Under Secretary of the Treasury for Domestic Finance
- Incumbent
- Assumed office May 1985
- President: Ronald Reagan

Personal details
- Born: George Sumner Bradford Dana Gould May 22, 1927 Boston, Massachusetts, U.S.
- Died: April 26, 2022 (aged 94) Palm Beach, Florida, U.S.
- Occupation: Financier and banker

= George D. Gould =

American financier and U.S. Treasury undersecretary (1927–2022)

George Sumner Bradford Dana Gould (May 22, 1927 – April 26, 2022) was an American financier and banker. Gould was a member of the board of Municipal Assistance Corporation that was constituted during the 1975 New York City fiscal crisis and briefly served as its chairman in 1979. He was the Undersecretary of the Treasury in the late 1980s during the Reagan administration. During this period he oversaw the savings and loan crisis, the aftermath of the 1987 Black Monday stock market crash, and the raising of the country's debt ceiling.

== Early life ==
Gould was born in Boston, Massachusetts, on May 22, 1927, to Lillian Dana Sumner and Ernest Wellington Gould. His mother was related to Charles Sumner, a member of the United States Senate during the civil war era, while his father was an investor who focused on real estate and other commercial ventures. After Gould's mother died when he was five, he grew up with his two aunts. He studied at the Phillips Academy in Andover, Massachusetts, and then served in the army in the post-war years between 1945 and 1947. He was discharged as a second lieutenant.

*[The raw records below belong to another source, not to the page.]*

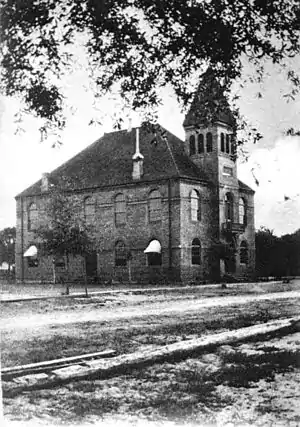 Old Lake County Courthouse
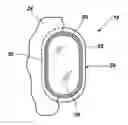 Fig. 01 - Window frame assembly for aircraft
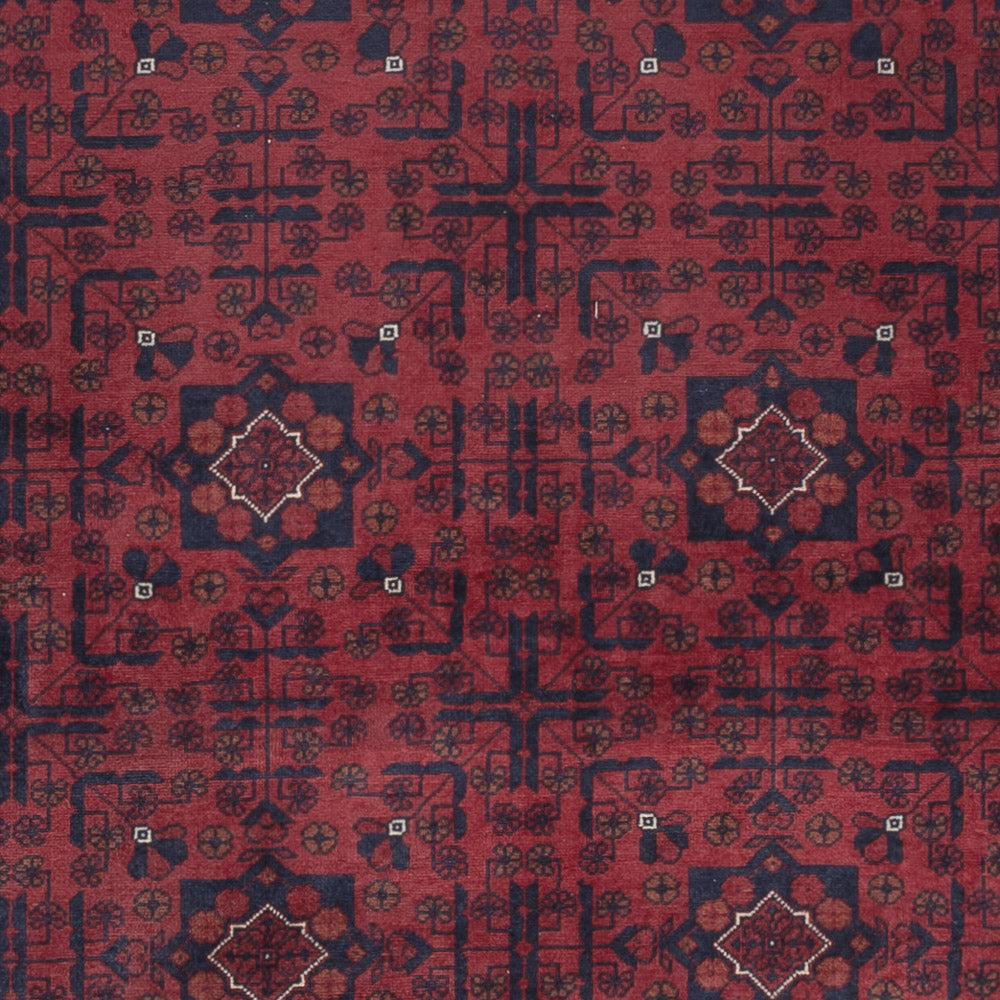 Afghan Rug - Royal - 299 x 199 cm - dark red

Gould studied at Yale University, graduating with a degree in economics, and later earned an MBA from Harvard University in 1955.

== Career ==
Gould started his career as a wealth manager for philanthropist Jeremiah Milbank. In 1960, Gould joined Dan Lufkin, William Donaldson, and Richard Jenrette in the investment bank Donaldson, Lufkin & Jenrette (DLJ). He grew the firm's fund-management business and went on to head its securities division. He left DLJ in 1976 and led Madison Funds, a closed-end investment fund, that later invested in oil and gas companies.

=== New York fiscal crisis ===
In 1975, when New York City was in the midst of a fiscal crisis and was on the brink of bankruptcy, Gould was invited by the then mayor Abraham Beame and was appointed a board member of the Municipal Assistance Corporation (MAC). Beame famously reached out to Gould by telephone at 1 a.m. and had him join him for breakfast a few hours later before getting him to join the MAC. The group was tasked with managing the city's fiscal position and solvency, monitoring its spending and bond issuance. The New York Times described him as a "figure of calm" during the crisis. He was made the chairman of the board of the MAC in 1979, but, resigned in 1980 due to differences with the governor Hugh Carey. During this period, he was also appointed by New York state's governor as the chairman of the state's Housing Finance Agency.

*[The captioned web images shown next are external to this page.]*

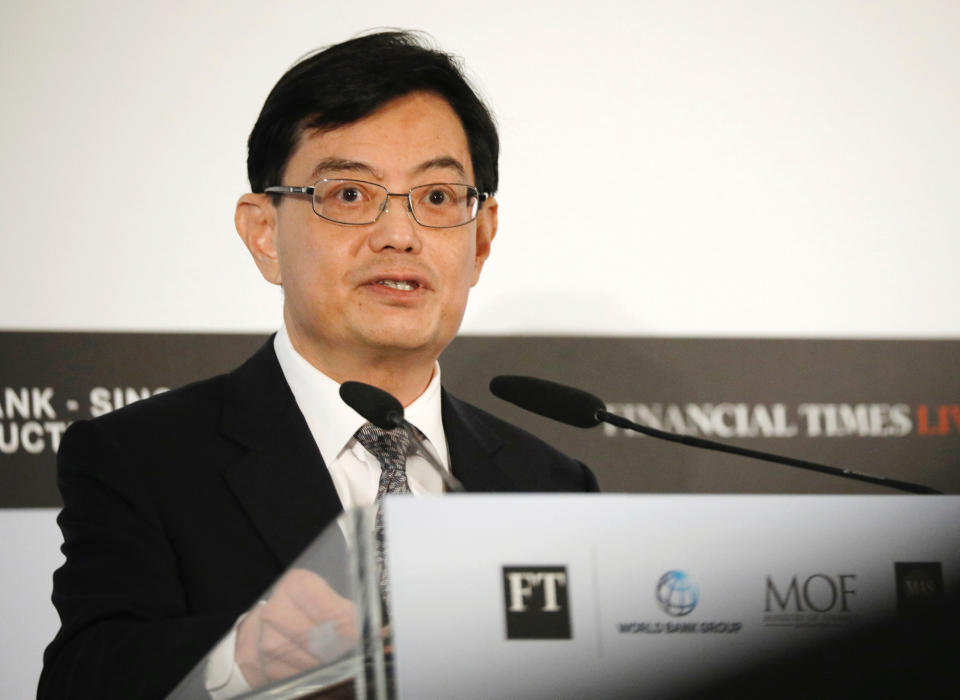 Finance Minister Heng Swee Keat. (File photo: Reuters/Edgar Su)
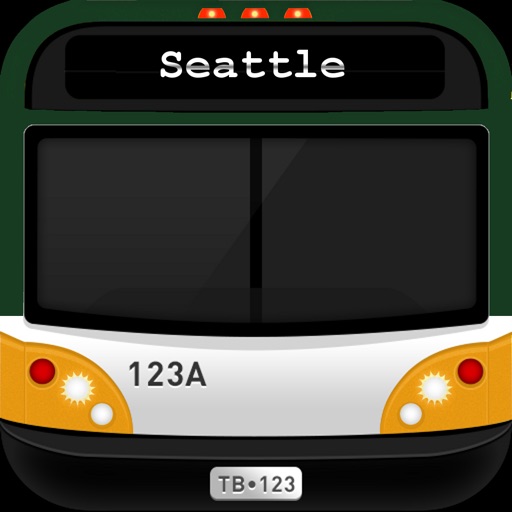 Transit Tracker - Seattle iOS App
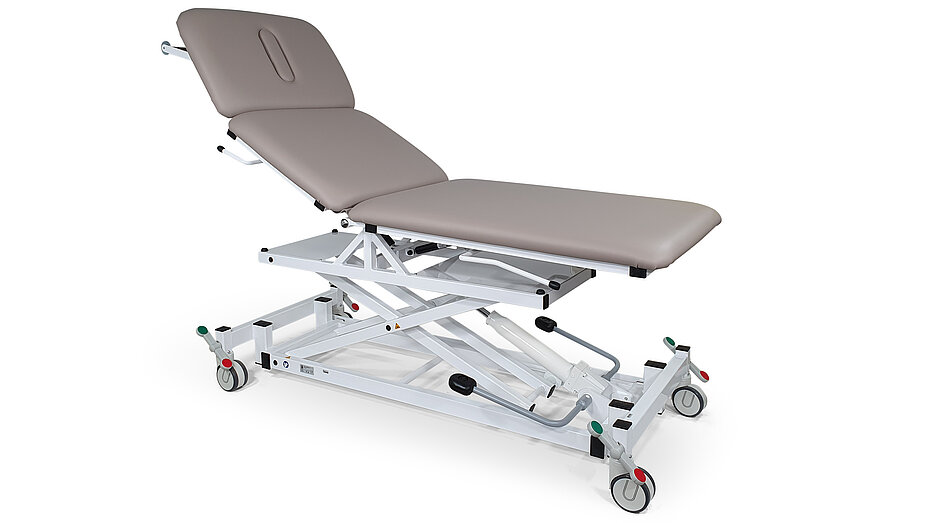Therapieliege, Multifunktionsliege mit 3-teiliger Liegefläche - Modell 2890XL/H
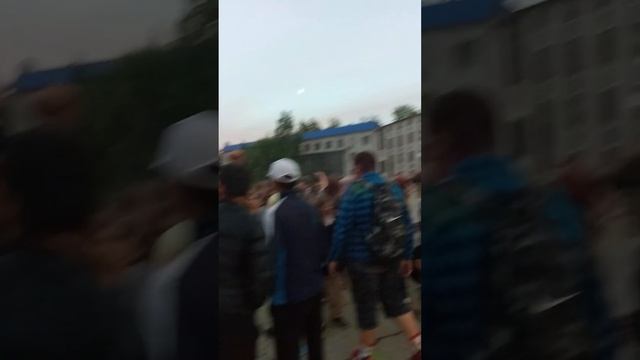 день молодёжи в Железногорск-Илимский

=== Undersecretary of the Treasury ===
In 1985, Gould was appointed by the then U.S. president, Ronald Reagan, as the Undersecretary of the Treasury. During this period, he oversaw the government's handling of the savings and loan crisis, the aftermath of the 1987 Black Monday stock market crash, and the raising of the country's debt ceiling. As the undersecretary, he also oversaw US domestic banking regulation including the government's unsuccessful bid in the congress to allow commercial banks to underwrite securities.

High interest rates of the 1970s and early 1980s had resulted in savings and loans (S&L) associations seeing losses, resulting in the S&L crisis. Traditionally focused on home mortgage lending, S&Ls were allowed to make riskier lendings further aggravating their position. Regulators were looking to avoid a bailout, hoping that the S&Ls would be able to show some growth and emerge out of the crisis. Gould opposed a bailout that would result in the S&Ls continuing to operate without a clear understanding of their operating positions and the true extent of their losses.

In the aftermath of the 1987 stock market crash, he helped shape the administration's response, including injecting capital and liquidity into the banking system. He resigned from the position in 1988.

=== Later career ===
After stepping down from the treasury, Gould worked with Klingenstein Fields, a fund management firm. He was also a director at the home mortgage funding provider Freddie Mac and was part of the company's corporate governance committee in 2003, when he and other directors were dismissed due to an accounting scam at the company.

== Personal life ==
Gould was married to Darcy Mead Damgard. He had three earlier marriages, two of which had ended in divorces, while the third, Julie Echols Gould, predeceased him in 1983.

Gould died on April 26, 2022, at his home in Palm Beach, Florida. He was 94 years old.